An exhibition by Benjamin Davies
12th November - 3rd December 2016 | Open event Friday 11th November 2016, 6-8pm
Half-Real is a project begins and ends with the act of walking. Walking is an activity we undertake daily without much thought. Whether it be between home, work or the shops, walking is something we normally think of as a means to an end, merely a way of getting from one location to another. And so we can become over familiarised and lose sight of the sights and sounds we perceive on our everyday journeys. Our minds lack the capacity to create a full overview of the world, and so we take smaller aspects of our environment and stitch together a coherent conception of reality. As a result, common, everyday objects, sounds and scenes can become overlooked while we make our way from a to b. In contemplation of this, Ben Davies has taken photographs of these scenes and objects and stitched together a virtual world through which a player can move with no predefined destination, and in which objects have been deprived of function. You are left only to look and reflect.
Davies describes his work as an art-game, as do many of the artists that he references. At first glance, his work may not appear to be the type of videogame that most people are familiar with, lacking common game elements like goals, direct objectives or a competitive element. But his work does share many other characteristics, however: it is made in a game engine, it is interactive, spatial, and as computational media, it cannot be run on anything other than a computational device. The work also aims to generate meaning via the player’s interaction with game mechanics and dynamics. Certain associations made with videogames are relevant in the context of his concern with attention and perception. Videogames are ‘what if’ scenarios that typically share many aspects with our contemporary lives under a capitalist system; they orientate towards the completion of goals, in competitive, frantic worlds that are geared towards fast-paced action. Davies's work aims to subvert these clichés by creating an art-game in which your only goal is to slow down and look.

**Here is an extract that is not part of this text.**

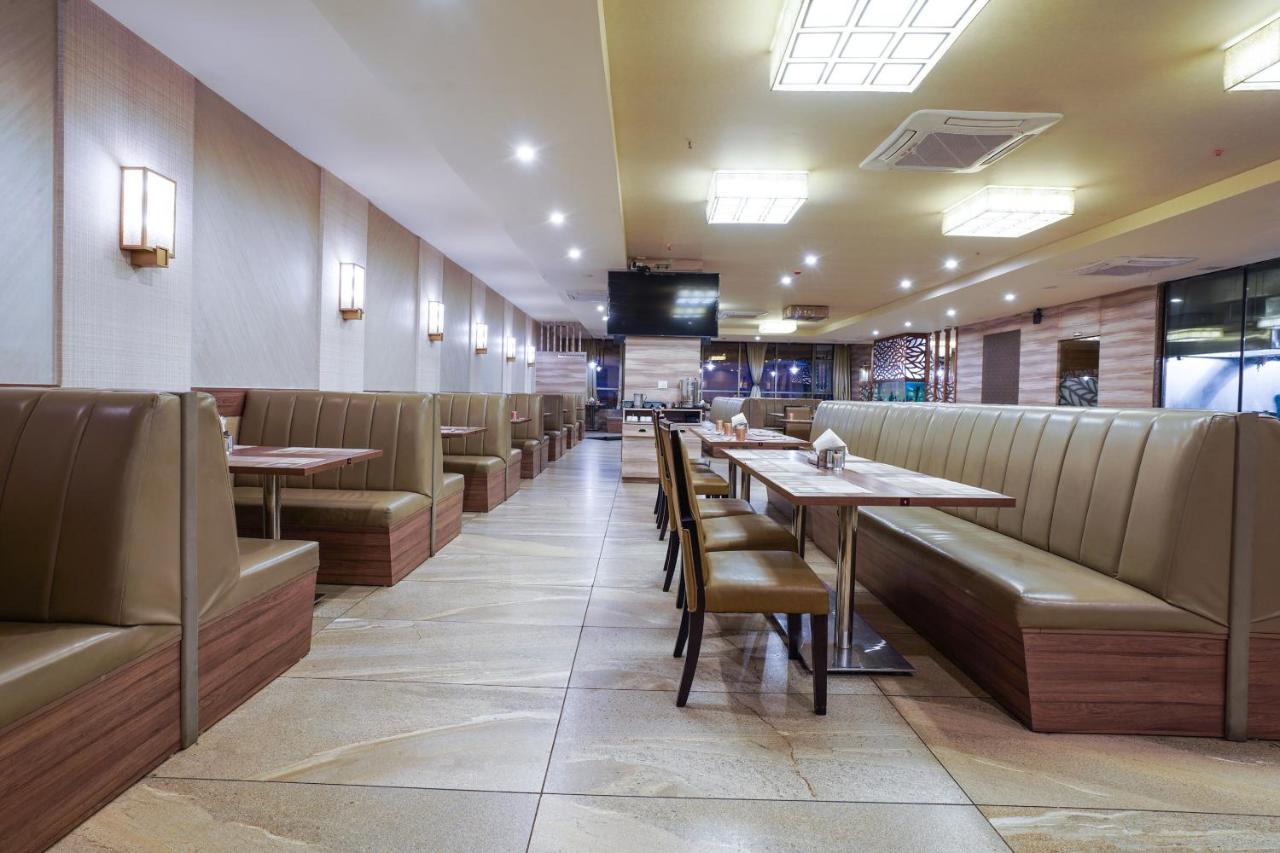 Capital O 71843 Grand Sindhura Hotel 3*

Throughout Half-Real you will find drawings that have been scribbled onto the side of buildings, on roads and varies other objects. Moreover, the landscape itself has been expressively sculpted by being extruded and moulded into the ground you walk on. Paintings and drawings have then been pasted onto these forms. This is a way of representing what writer and historian Rebecca Solnit means when she says that ‘the rhythm of walking creates a kind of rhythm of thinking, and the passage through a landscape stimulates the passage through a series of thoughts.’ The doodles and colour express the feelings or emotions that one might shift between while aimlessly wandering, and while your mind is not occupied with any one thing in particular.